Copyright (c) Microsoft Corporation. All rights reserved.

Licensed under the MIT License.

# Model deployment

Please ensure you have run all previous notebooks in sequence before running this.

Please Register Azure Container Instance(ACI) using Azure Portal: https://docs.microsoft.com/en-us/azure/azure-resource-manager/resource-manager-supported-services#portal in your subscription before using the SDK to deploy your ML model to ACI.

In [4]:
from azureml.core import Workspace
import azureml.core
import os

# Check core SDK version number
print("SDK version:", azureml.core.VERSION)

config_path = '/dbfs/tmp/'

#'''
ws = Workspace.from_config(path=os.path.join(config_path, 'aml_config', 'config.json'))
print('Workspace name: ' + ws.name, 
      'Azure region: ' + ws.location, 
      'Resource group: ' + ws.resource_group, sep = '\n')
#'''

In [5]:
## NOTE: service deployment always gets the model from the current working dir.
model_name = "PdM_logistic_regression.mml" # 
model_name_dbfs = os.path.join("/dbfs", model_name)
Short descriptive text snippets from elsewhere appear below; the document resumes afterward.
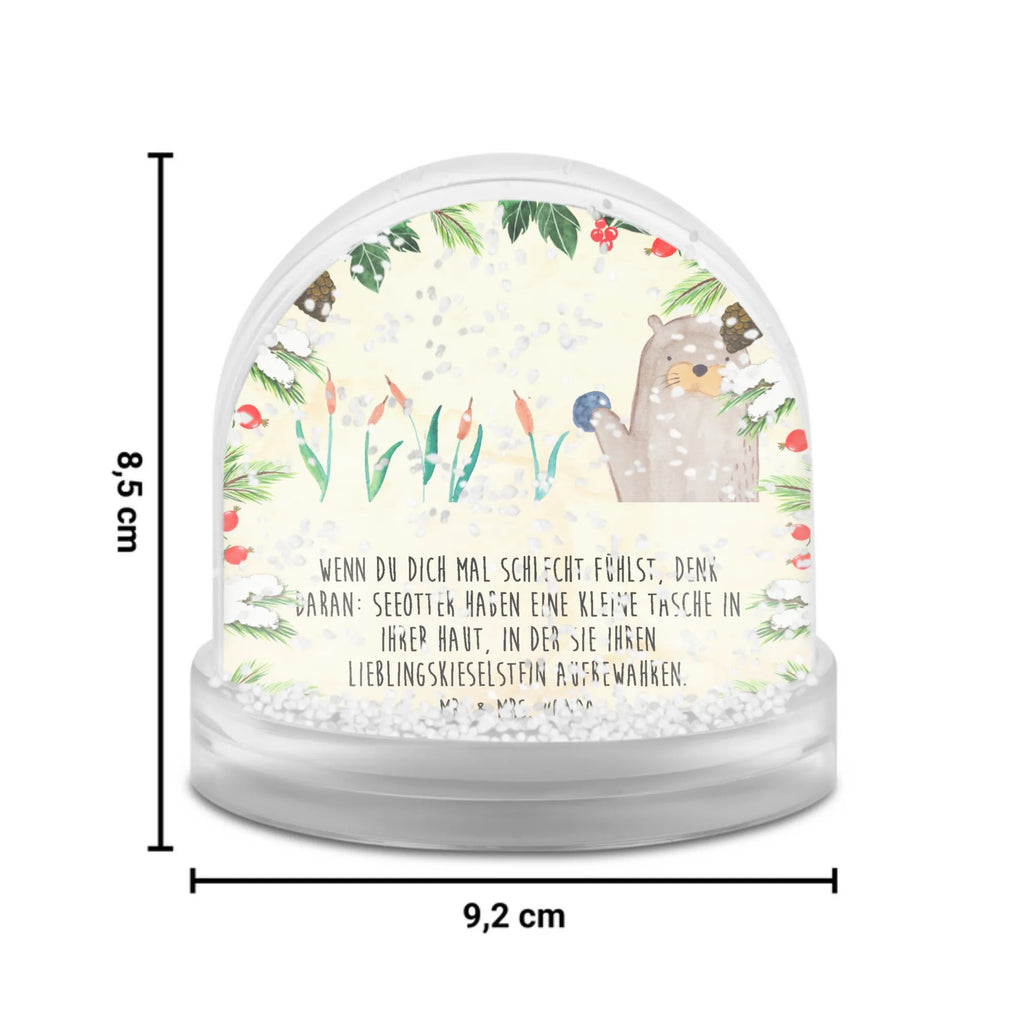 schneekugeln aufbewahren Schneekugel Otter Stein, Pflanzen, schnee kugel, Fun Facts, Seeotter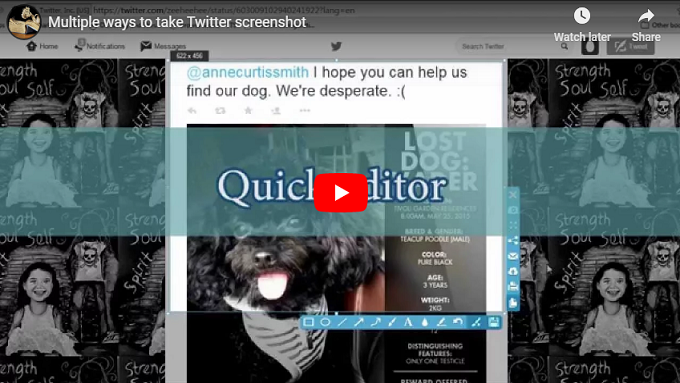 How to make Twitter screenshot
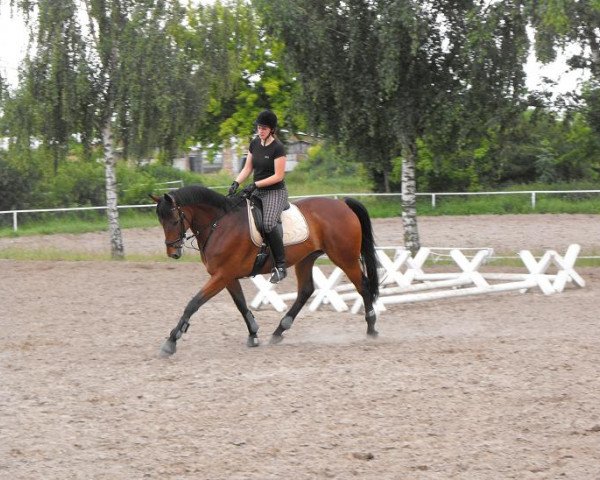 Pferd Ballcarino F (Trakehner, 2002, von Roncalli xx)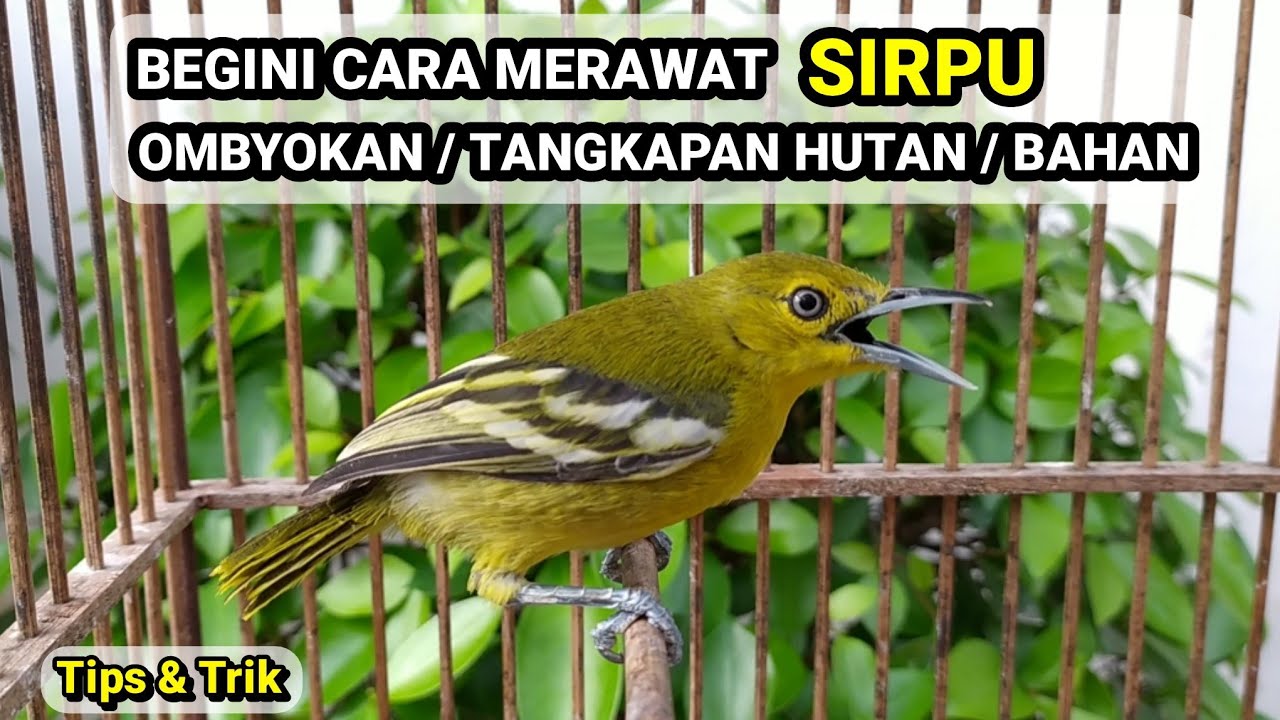 CARA MERAWAT SIRPU OMBYOKAN ATAU HASIL TANGKAPAN HUTAN DENGAN MUDAH !! 🐦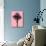 Palm Tree 1996 (Pink)-Erik Asla-Photographic Print displayed on a wall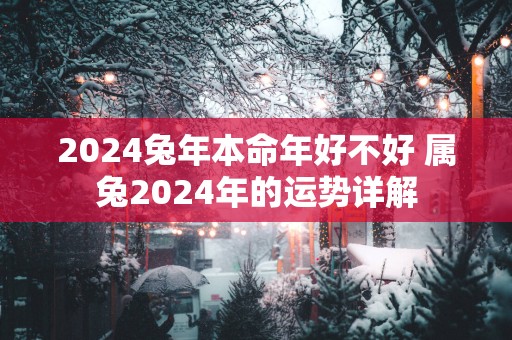 2025蛇年本命年好不好 属兔2025年的运势详解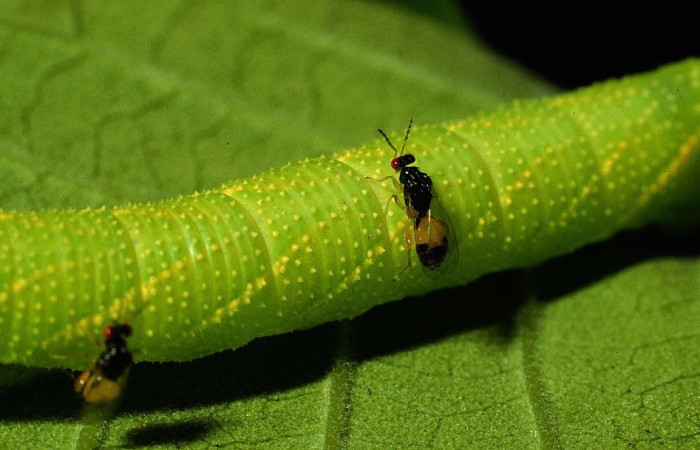 Fig.8 Larva <i>Manduca barnesi</i>, Sphingidae, (estadío Pu), , se alimenta de <i>Godmania aesculifolia</i>, Bignoniaceae. Es parasitada por Euplectrus, de la familia Eulophidae.  Voucher: 94-SRNP-4497-DHJ20453.jpg.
print("copy model from dbfs to local")
model_local = "file:" + os.getcwd() + "/" + model_name
dbutils.fs.cp(model_name, model_local, True)

In [6]:
# register the model
from azureml.core.model import Model
mymodel = Model.register(model_path = model_name, # this points to a local file
                       model_name = model_name, # this is the name the model is registered as, am using same name for both path and name.                 
                       description = "ADB trained model by an amazing data scientist",
                       workspace = ws)

print(mymodel.name, mymodel.description, mymodel.version)

## Converting your data to and from JSON

The most common way to interact with a webservice is using a [REST](https://en.wikipedia.org/wiki/Representational_state_transfer) API, sending and receiving [JSON](https://en.wikipedia.org/wiki/JSON) data.  

We therefore need to convert our dataframe to JSON to send it to the webservice, and the webservice has to then convert it back into a dataframe so that we can use our pyspark model to score the data.

Very often this is straightforward, because json can interpret the schema of our data correctly. However, this is not always the case.  Our usecase is an example where we need to help spark, by explicitly providing the schema when converting the JSON data back to a dataframe.

Let's start with an example to illustrate that.

  **Note**: Explicitly providing the schema of data is generally good practice, because it can speed up reading data and avoids surprises.  This is not only try when working with spark, but also e.g. in *R*  or *scikit-learn*.

In [8]:
df = spark.read.parquet("dbfs:/FileStore/tables/preprocessed").cache()
display(df)

# from pyspark.sql.types import DateType
from pandas import datetime
from pyspark.sql.functions import col, hour

# we sample every nth row of the data using the `hour` function
df_train = df.filter((col('datetime') < datetime(2015, 10, 1)))
df_test = df.filter(col('datetime') > datetime(2015, 10, 15)).limit(5)

In [9]:
# test_data_path = "TestData"

# test_data_path_dbfs = os.path.join("/dbfs", test_data_path)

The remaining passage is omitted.